## [Description of the task]
Pictures aside, can you reproduce the records word for word?
Given data Block Start
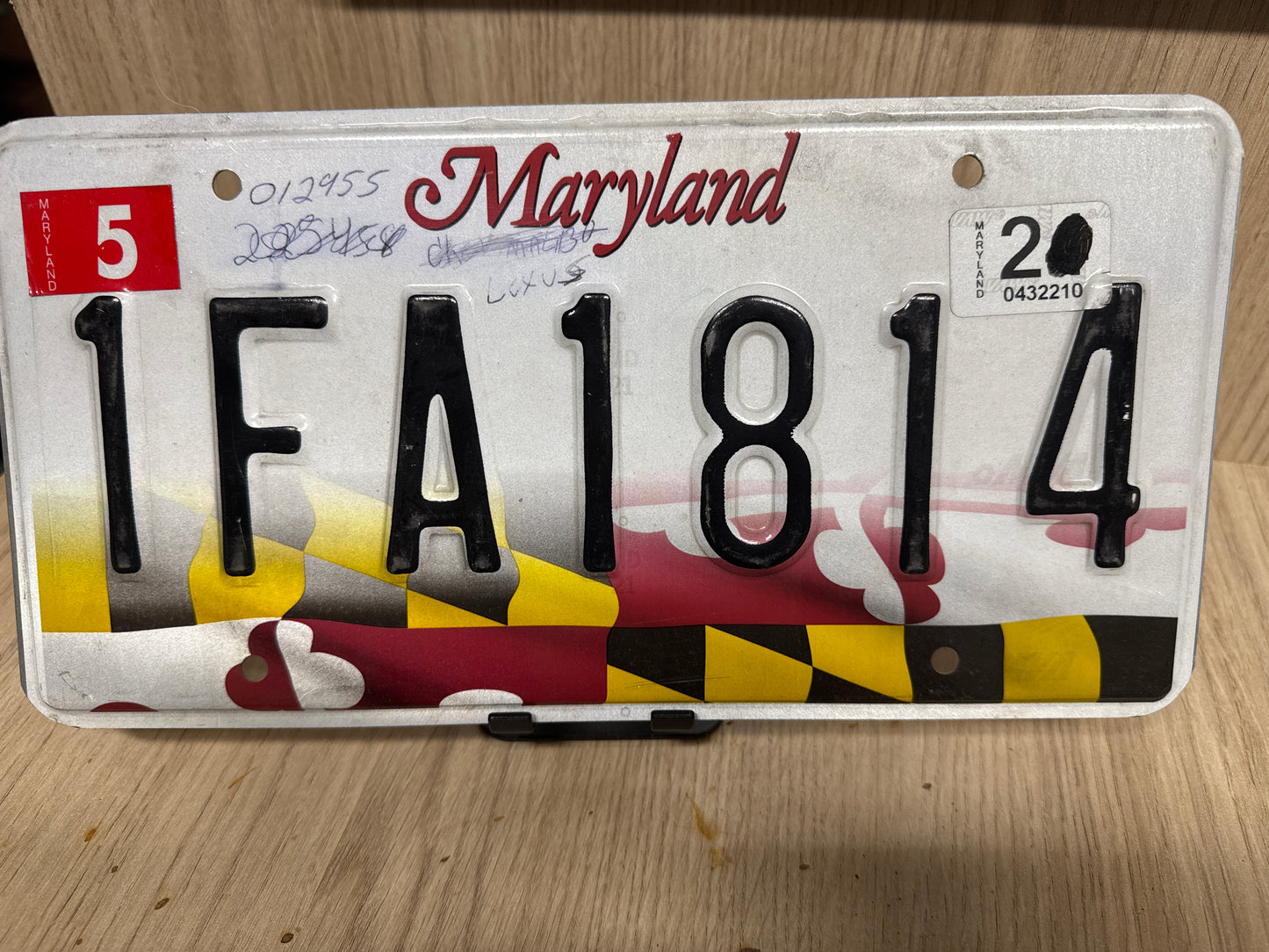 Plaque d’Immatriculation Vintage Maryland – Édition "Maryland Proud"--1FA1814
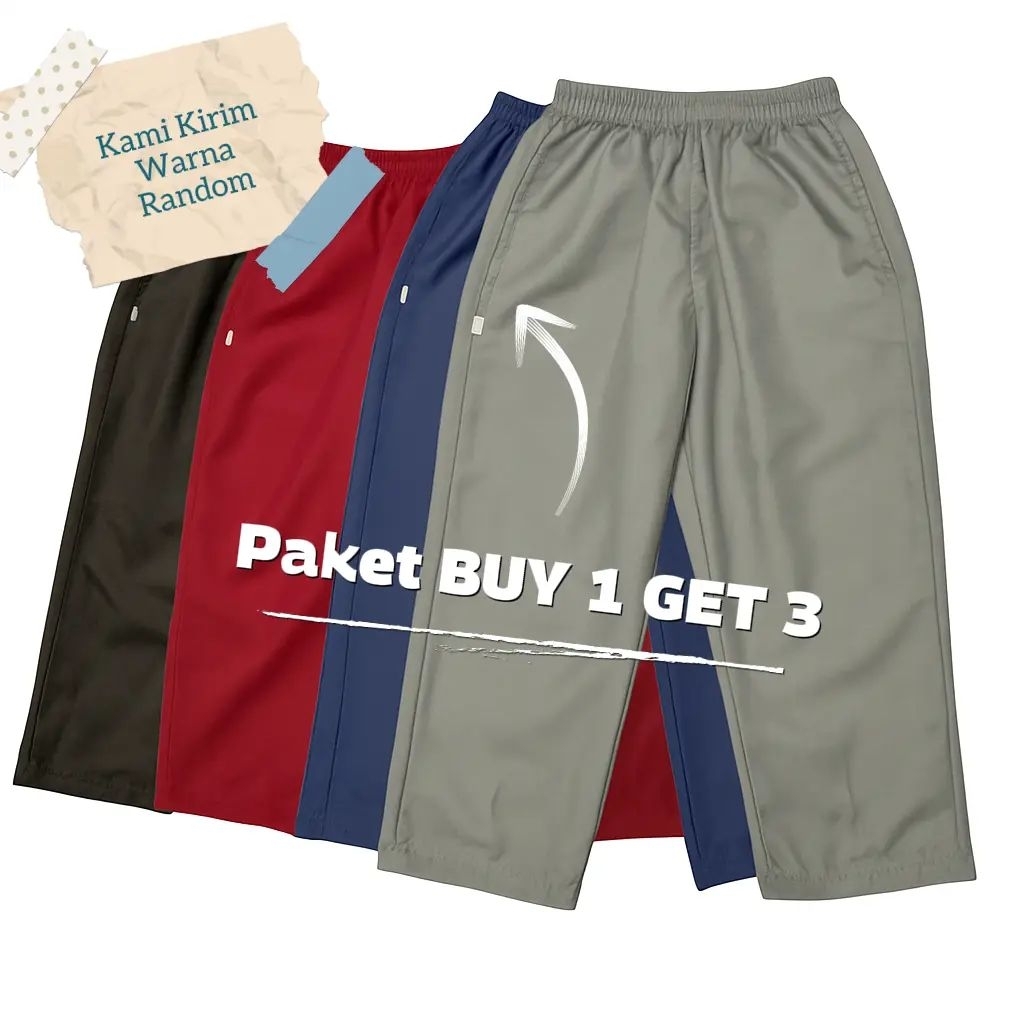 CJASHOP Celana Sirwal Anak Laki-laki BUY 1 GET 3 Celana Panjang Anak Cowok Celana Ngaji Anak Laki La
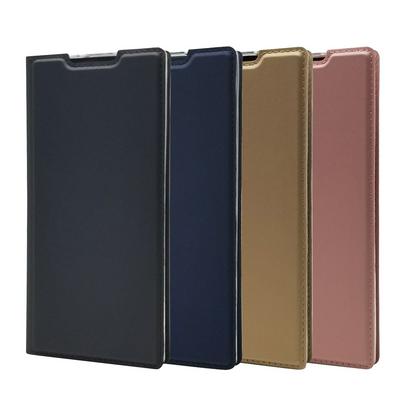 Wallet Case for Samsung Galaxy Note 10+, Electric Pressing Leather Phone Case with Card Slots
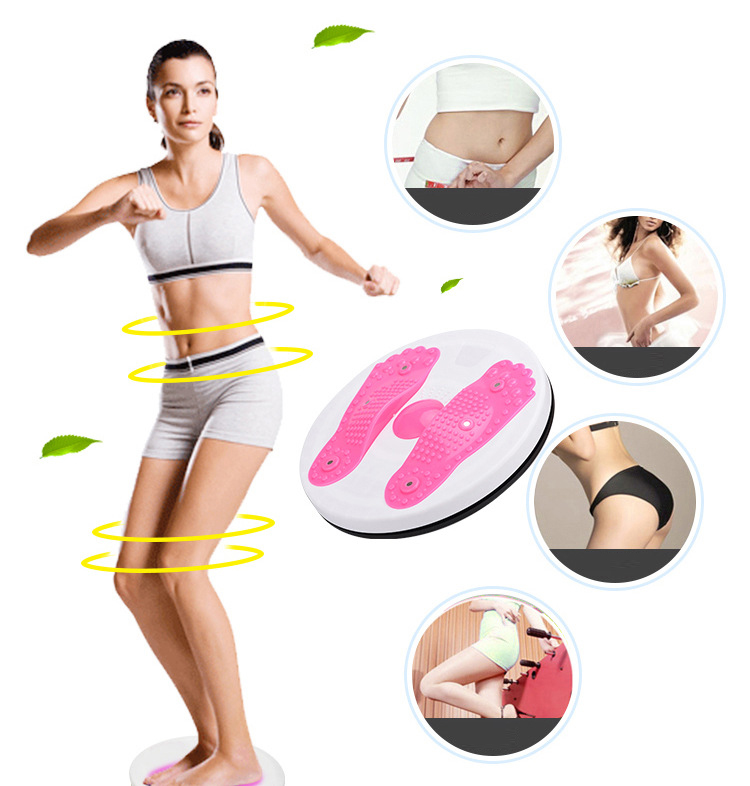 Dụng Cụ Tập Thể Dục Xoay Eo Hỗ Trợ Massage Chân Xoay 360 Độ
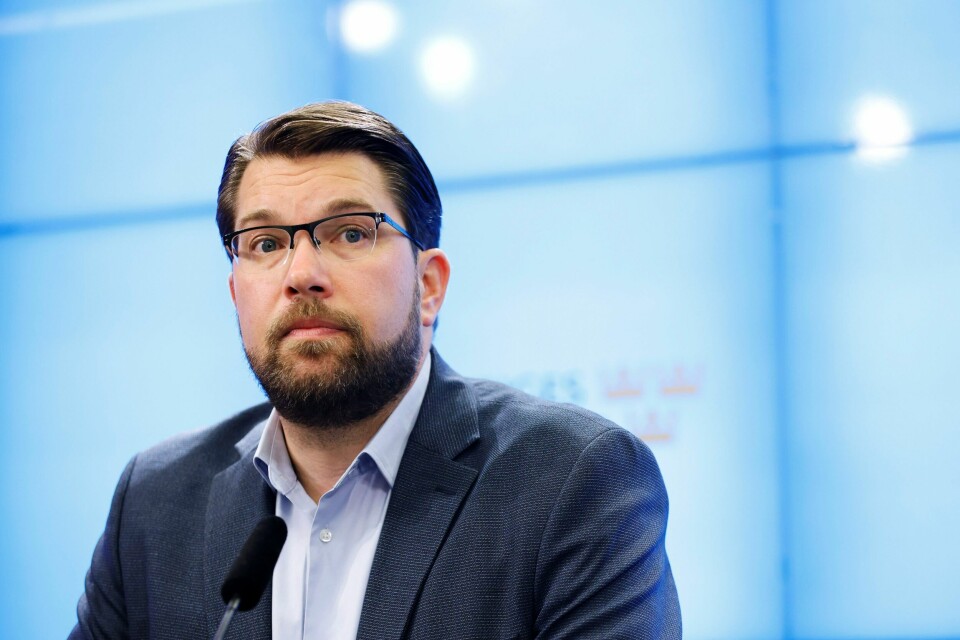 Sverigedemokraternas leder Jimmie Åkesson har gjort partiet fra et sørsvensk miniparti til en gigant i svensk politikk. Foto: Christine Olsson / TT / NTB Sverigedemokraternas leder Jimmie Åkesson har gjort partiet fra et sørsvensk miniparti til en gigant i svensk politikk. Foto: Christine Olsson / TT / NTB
Given data Block End
## [Result below]
 Plaque d’Immatriculation Vintage Maryland – Édition "Maryland Proud"--1FA1814
 CJASHOP Celana Sirwal Anak Laki-laki BUY 1 GET 3 Celana Panjang Anak Cowok Celana Ngaji Anak Laki La
 Wallet Case for Samsung Galaxy Note 10+, Electric Pressing Leather Phone Case with Card Slots
 Dụng Cụ Tập Thể Dục Xoay Eo Hỗ Trợ Massage Chân Xoay 360 Độ
 Sverigedemokraternas leder Jimmie Åkesson har gjort partiet fra et sørsvensk miniparti til en gigant i svensk politikk. Foto: Christine Olsson / TT / NTB Sverigedemokraternas leder Jimmie Åkesson har gjort partiet fra et sørsvensk miniparti til en gigant i svensk politikk. Foto: Christine Olsson / TT / NTB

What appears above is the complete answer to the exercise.